Data extract
- - -
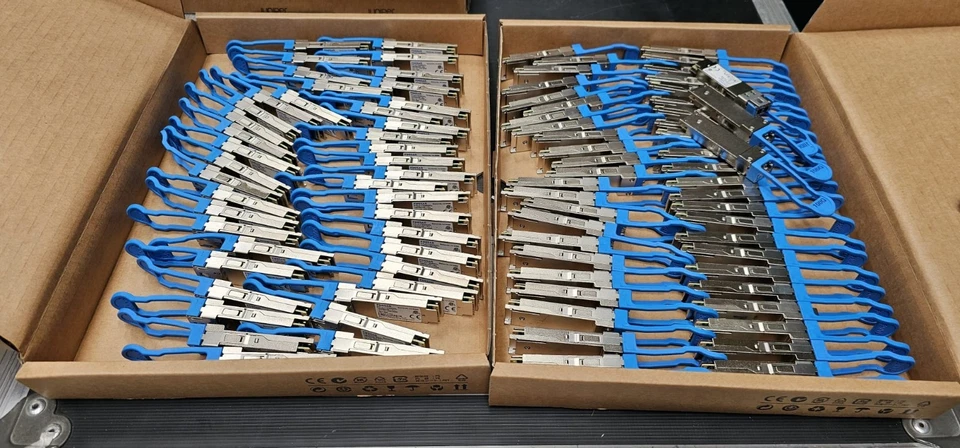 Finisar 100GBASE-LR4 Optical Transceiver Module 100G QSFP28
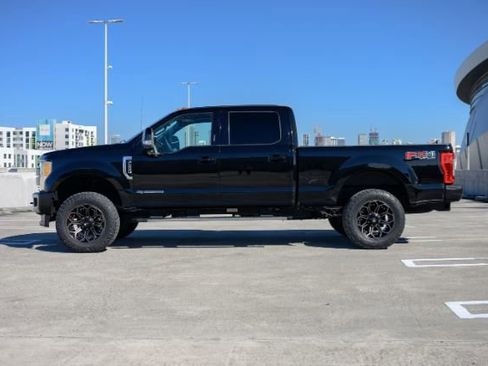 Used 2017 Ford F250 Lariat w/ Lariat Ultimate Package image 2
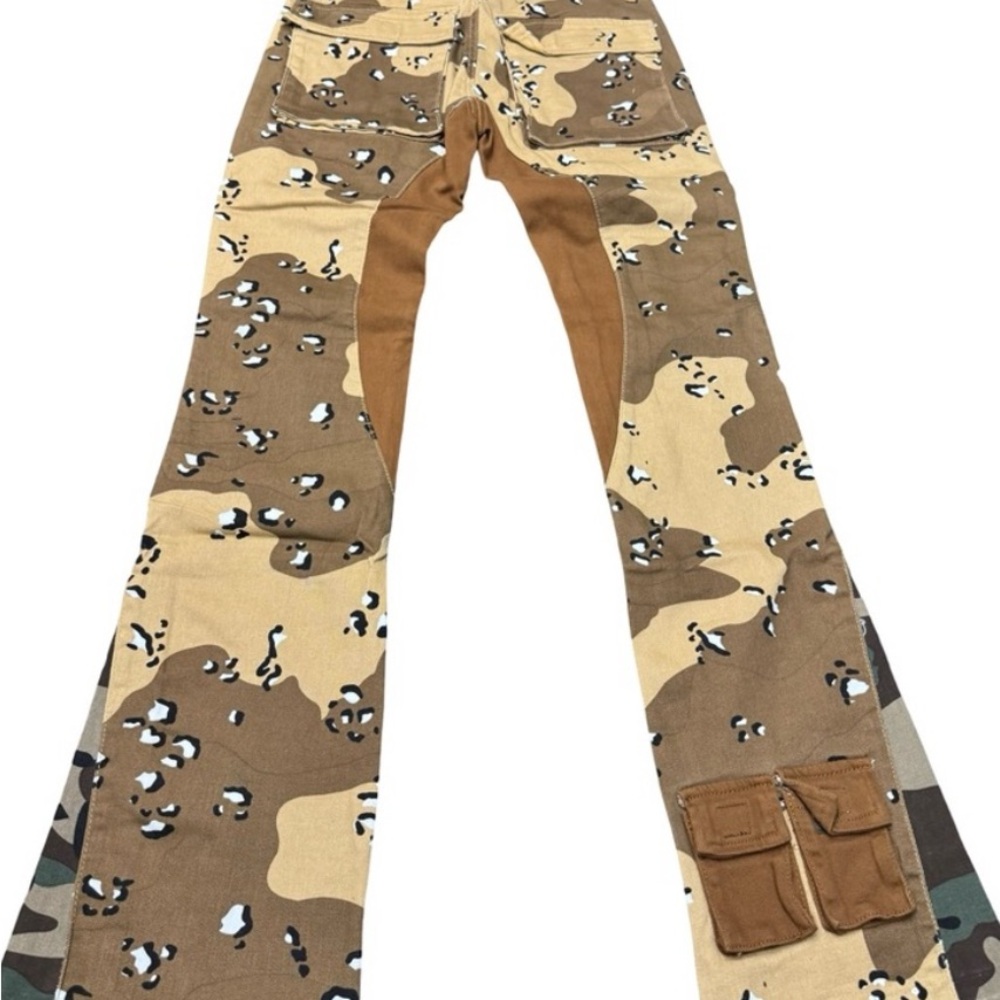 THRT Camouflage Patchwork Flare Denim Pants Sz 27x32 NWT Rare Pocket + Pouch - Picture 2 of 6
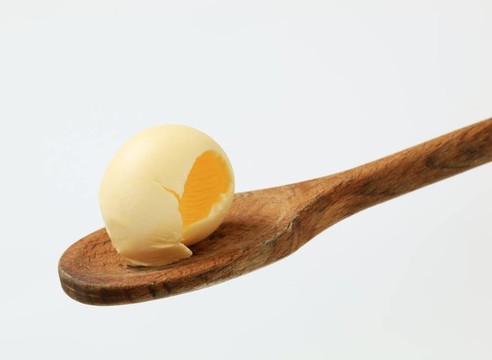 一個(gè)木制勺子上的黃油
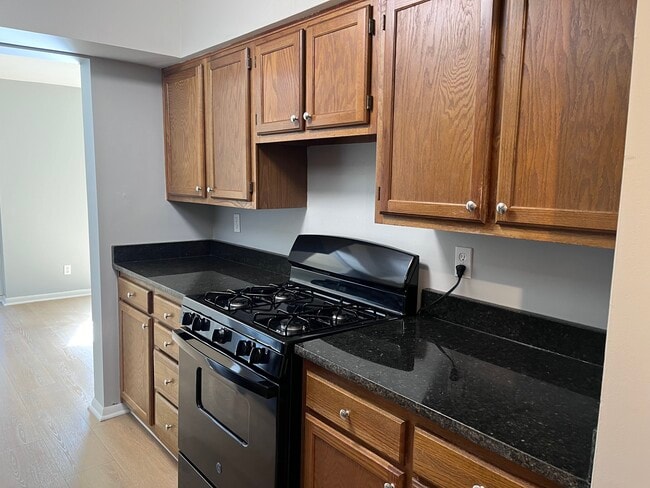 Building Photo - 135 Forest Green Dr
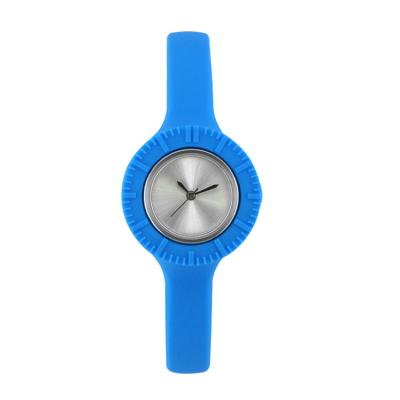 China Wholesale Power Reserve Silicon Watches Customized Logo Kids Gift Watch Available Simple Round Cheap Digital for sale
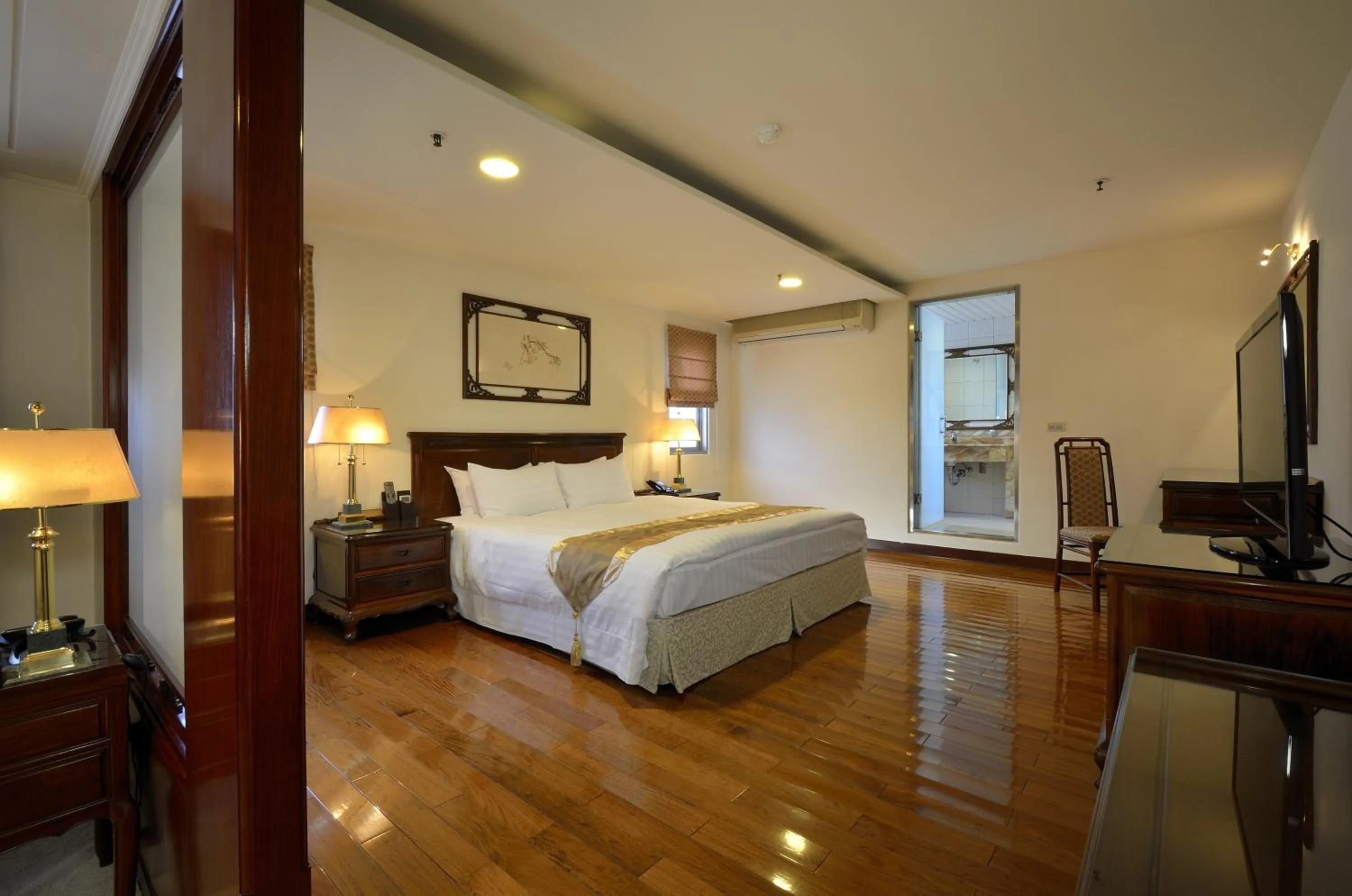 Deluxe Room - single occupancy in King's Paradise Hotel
- - -
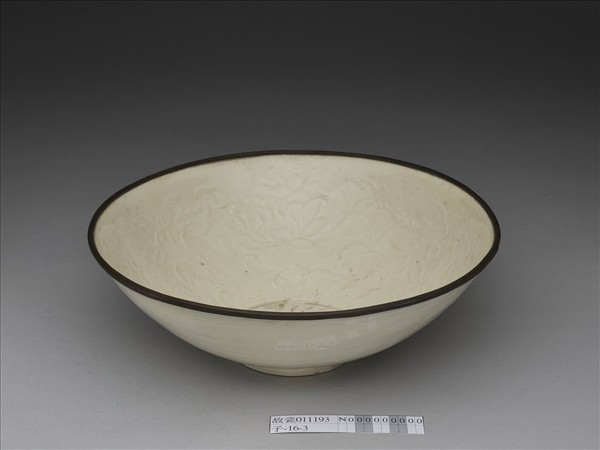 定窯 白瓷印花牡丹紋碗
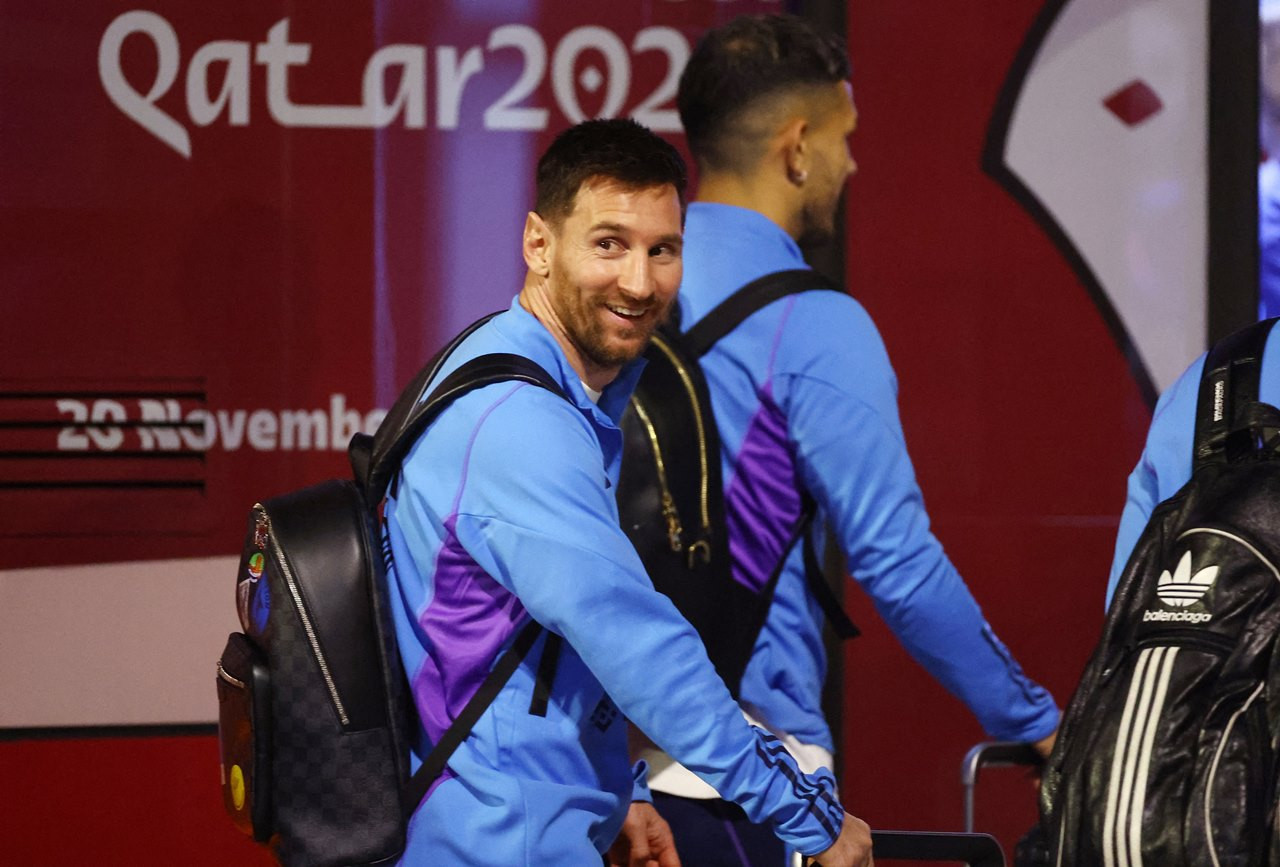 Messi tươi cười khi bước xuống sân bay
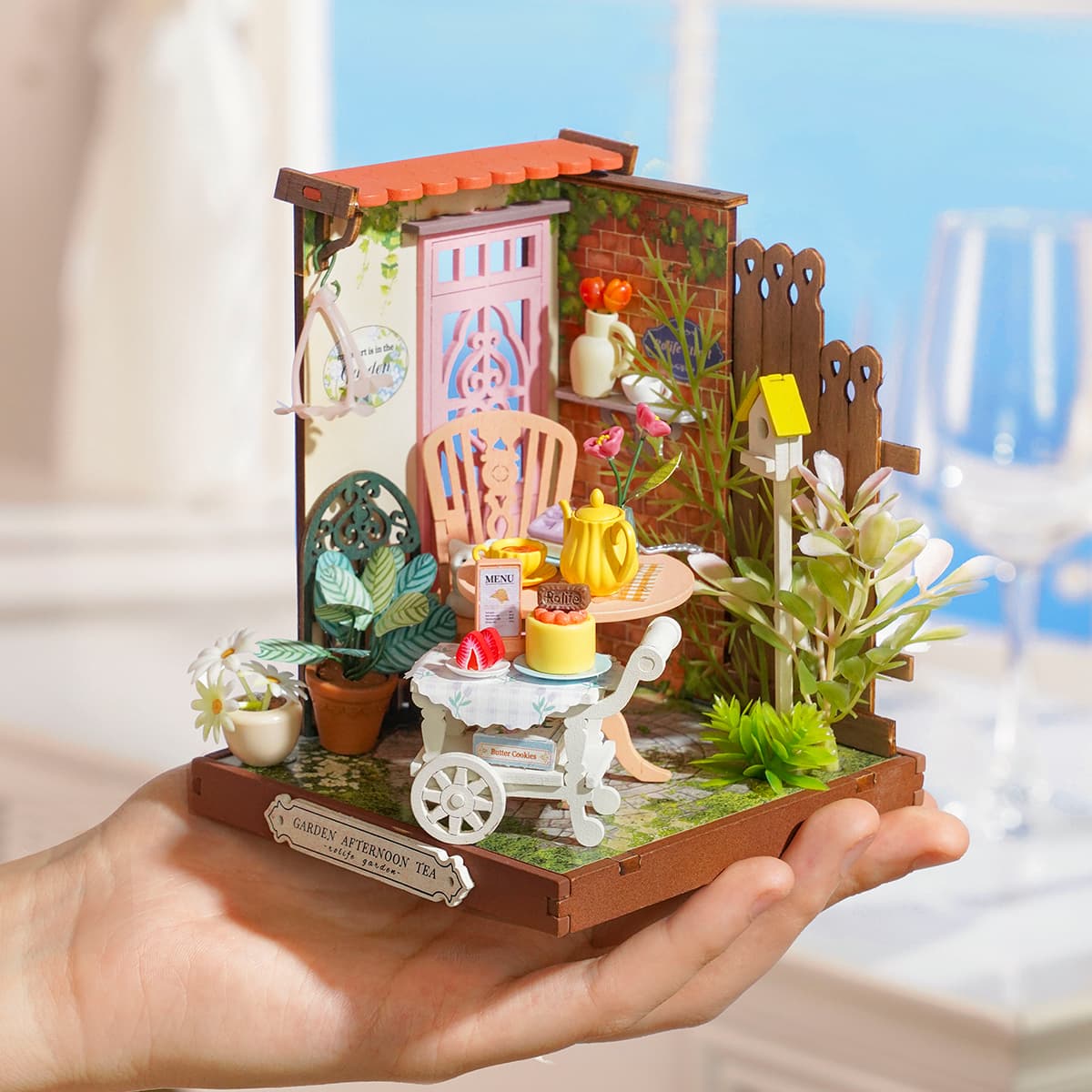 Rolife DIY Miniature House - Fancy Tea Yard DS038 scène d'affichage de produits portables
- - -
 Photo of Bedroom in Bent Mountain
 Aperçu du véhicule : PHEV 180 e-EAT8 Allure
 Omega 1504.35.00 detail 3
- - -
The task
Your answer should be the lines above, word for word, from the line with "THRT Camouflage Patchwork" through the line with "Deluxe Room - single", minus the pictures.

Finished exercise
 THRT Camouflage Patchwork Flare Denim Pants Sz 27x32 NWT Rare Pocket + Pouch - Picture 2 of 6
 一個(gè)木制勺子上的黃油
 Building Photo - 135 Forest Green Dr
 China Wholesale Power Reserve Silicon Watches Customized Logo Kids Gift Watch Available Simple Round Cheap Digital for sale
 Deluxe Room - single occupancy in King's Paradise Hotel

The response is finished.